After booking a transatlantic crossing from New York to Southampton on the QM2 the other day, a friend asked me what to expect.
Quite a lot really…
Today every aspect of life on board a ship revolves around the passengers’ comfort. A far cry from the early days when ships plied the migrant route from Europe to the ’New World‘. From 1819 until the end of the 1920s, 30 million European immigrants had crossed over to make the ‘good ole US of A’ home. That was in the days when America welcomed migrants.
My, how things have changed.
Then, the shipping lines made their money from migrants and jammed as many as they could into the bowels of their ships in somewhat less than salubrious surroundings.
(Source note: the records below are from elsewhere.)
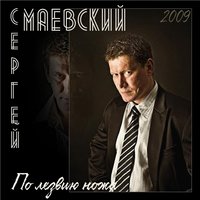 Сама любовь - Сергей Маевский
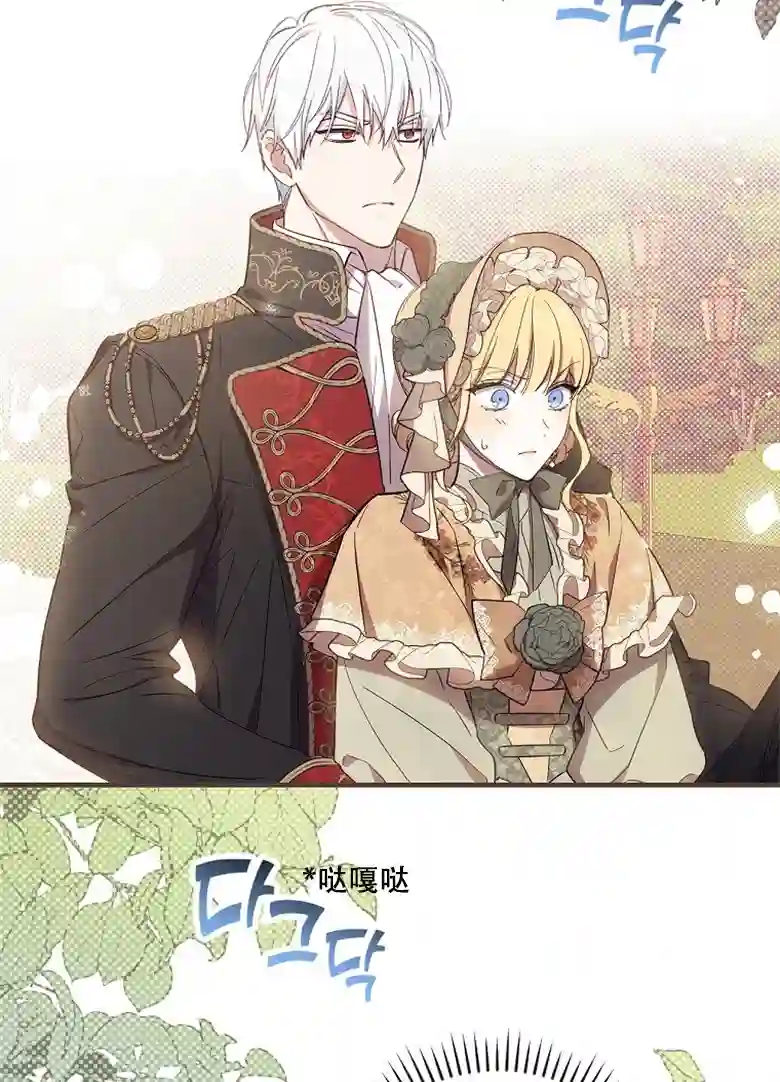 让丈夫站在我这边的方法第16话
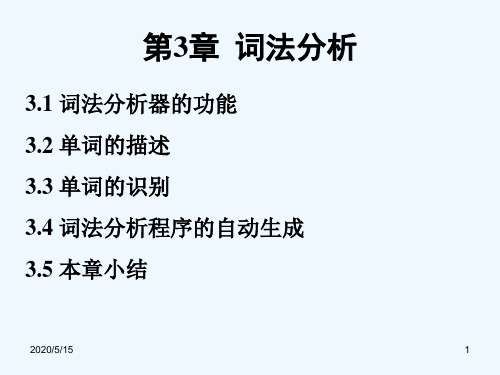 编译原理课件第3章 (1)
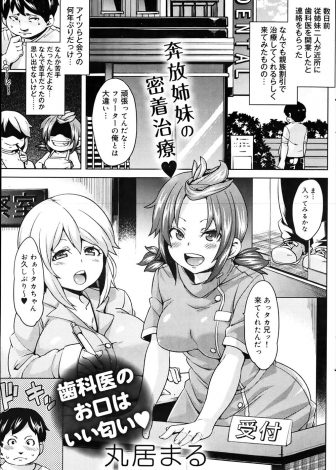 【エロ漫画】昔からおもちゃにしてくるいとこ姉妹が歯科医を開業してやってきた男が、爆乳を頭に乗せられながら診療され勃起してちんぽをおもちゃにされ逆レイプで童貞を奪われるｗｗｗ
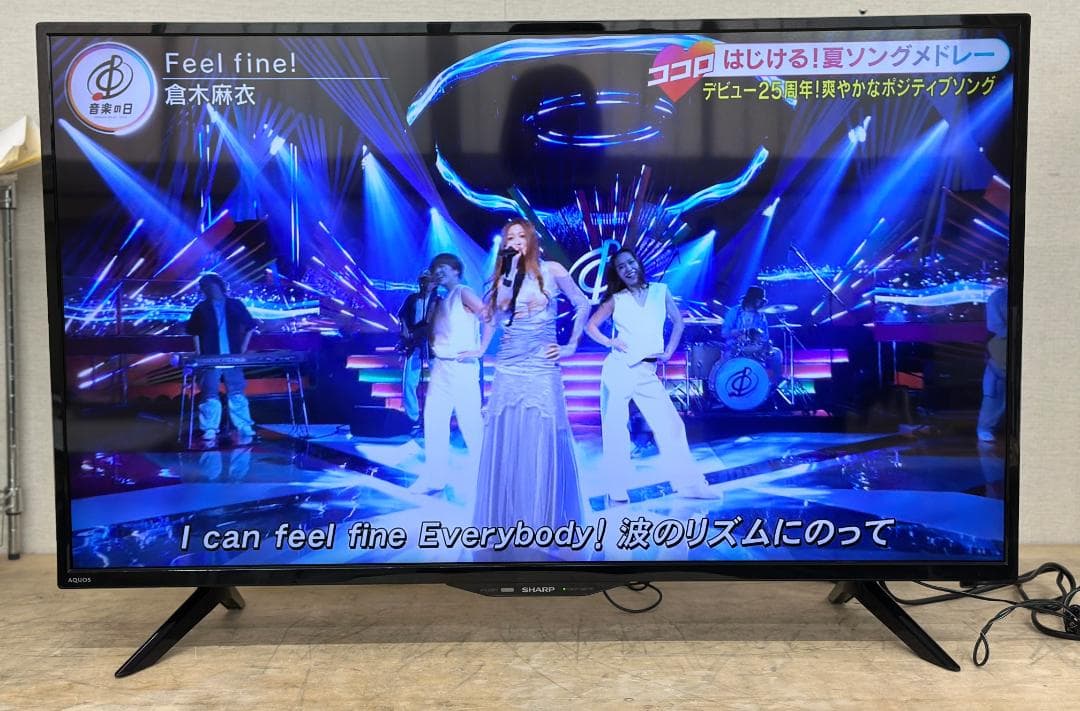 SHARPシャープ■4K液晶テレビ　4T-C40BH1　40インチ　2021年製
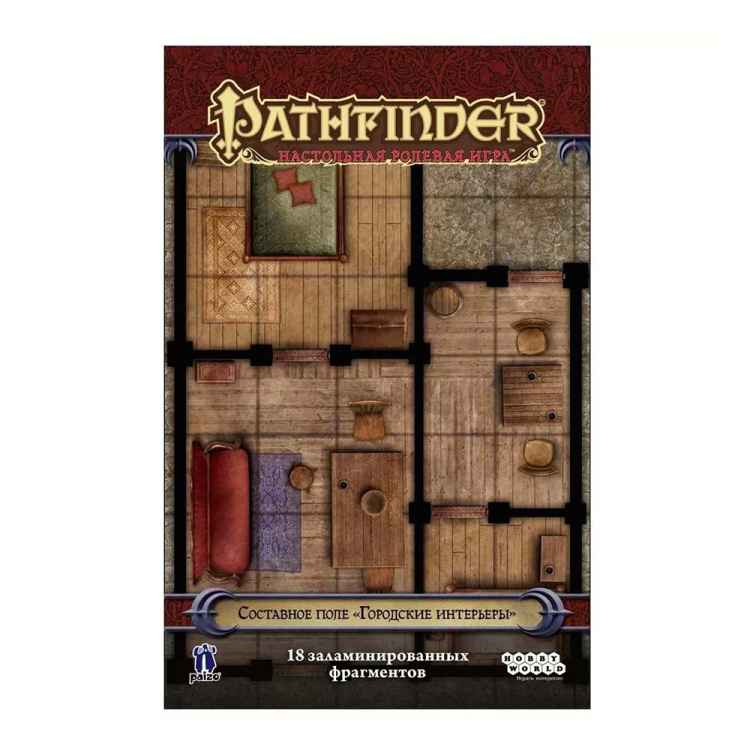Pathfinder. Настольная ролевая игра. Игровое поле "Городские интерьеры"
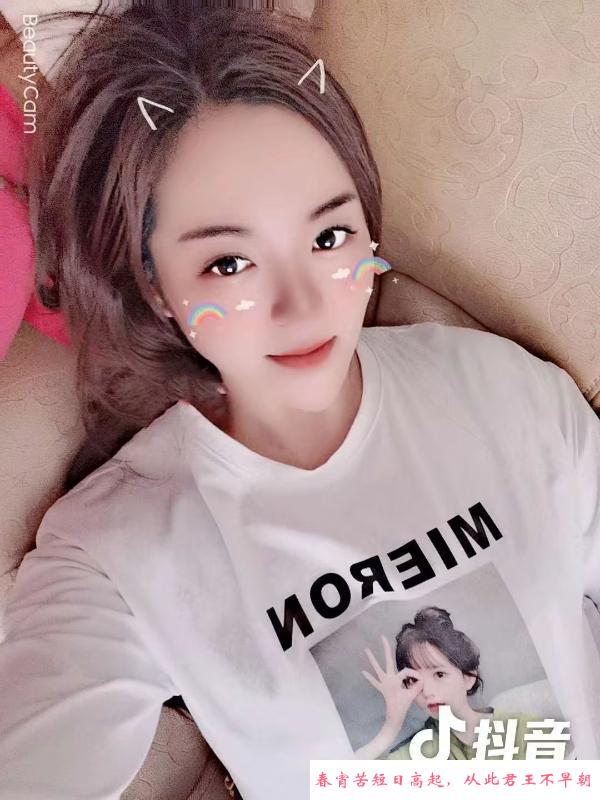 江北少妇 第2张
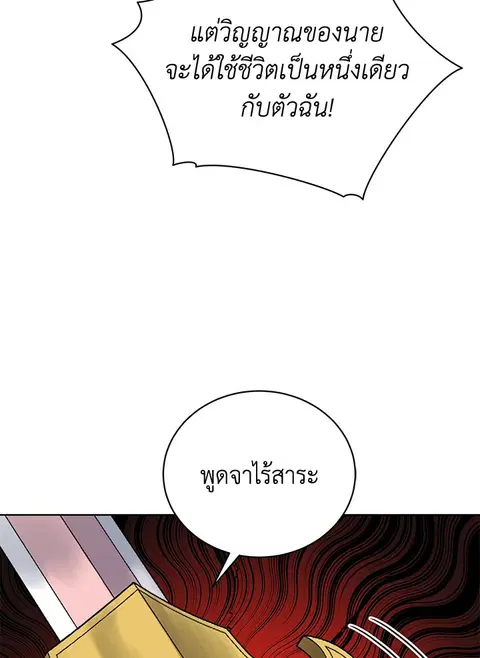 The Descent of the Demonic Master ตอนที่ 113 หน้า 91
The bigger the ship - the more migrants, who were treated as little more than cargo and given very little in the way of amenities or services. In those days the only thing to relieve the monotony of the journey was the conviviality of one’s fellow passengers.
This began to change when White Star and Cunard started building their ’Four Stackers‘, the Mauretania, Lusitania, Olympic and Titanic, to compete with the European Lines for the lucrative migrant business and more importantly, for the first-class passenger trade that could bring good publicity to the shipping lines, add profitability and additional icing to the cake.
The story of the transatlantic liner is an epic saga of one of the great icons of the industrial age.
The competition for the trade pushed human ingenuity and technology to its limits in a race to gain dominance of the seas and ships began to offer more and more facilities to attract passengers. Amenities and accommodations were improved over all three classes. Swimming pools, gymnasiums, smoking rooms and theatres, specialty restaurants and outdoor areas for sports and leisure were added.
As the century progressed, the trade continued beyond its heyday, (thanks to America closing her ’Open Door Policy’) the migrants were replaced by the new affluent middle classes as it was still ’the only way to cross'. However, without the profits of the migrants, the competing lines slowly sank into an abyss. Some governments subsidised their ’Ships of State’to keep them sailing - the French Liner, Normandie, never made a profit but sailed on regardless, buoyed by French pride and her taxpayers.
By the 50s, passengers were entertained by official ‘Cruise directors‘who were employed to help keep the minds of the passengers occupied and maybe distract them from the one aspect of transatlantic travel that is very rarely advertised, the often rough Atlantic swell and the subsequent malady for some. This was the period when Cunard coined the phrase ‘When getting there is half the fun’.
With the advent of the Jet liner in the 1960s, the great ocean liners were facing possible extinction and eventually the only surviving line plying the regular Trans-Atlantic route was Cunard with her two ships the Queen Elizabeth and the Queen Mary that continued to cross each other mid-Atlantic, and often carrying more crew than passengers, right up until the late 1960s when they were replaced by the smaller and more economic Queen Elizabeth 2.
Today there is only one true Trans-Atlantic liner. The 2004 built Queen Mary 2 that continues the tradition of providing the only true ’Crossing‘experience. Decorated in a style harking back to the great liners of the 30s, now though, without the traditional three class partitions and with all facilities being available to all passengers. The QM2 continues to offer the ‘Crossing’experience along with all the modern conveniences, although no rock climbing walls or water-slides.
Your seven days across the Atlantic can be filled with as much as you like. Organized sports events, lectures, movies, card games, shuffleboard, tennis, golf, the spa, the gym, the casino, shopping, the planetarium, painting classes or scarf tying. (You’d be surprised how many men turn up to this), and of course, the traditional afternoon tea served by liveried and white-gloved waiters in the ballroom. Or as little as you like. Halcyon days with a glass of champagne in one hand and a tome from the 9000 book library in the other, and often my favourite, just sitting in a steamer chair staring blankly out to sea.
What can you expect from a ‘Crossing’? The connection with the past 200 years of historical crossings of the Atlantic and one of the last great adventures you can have from the comfort of a deck chair.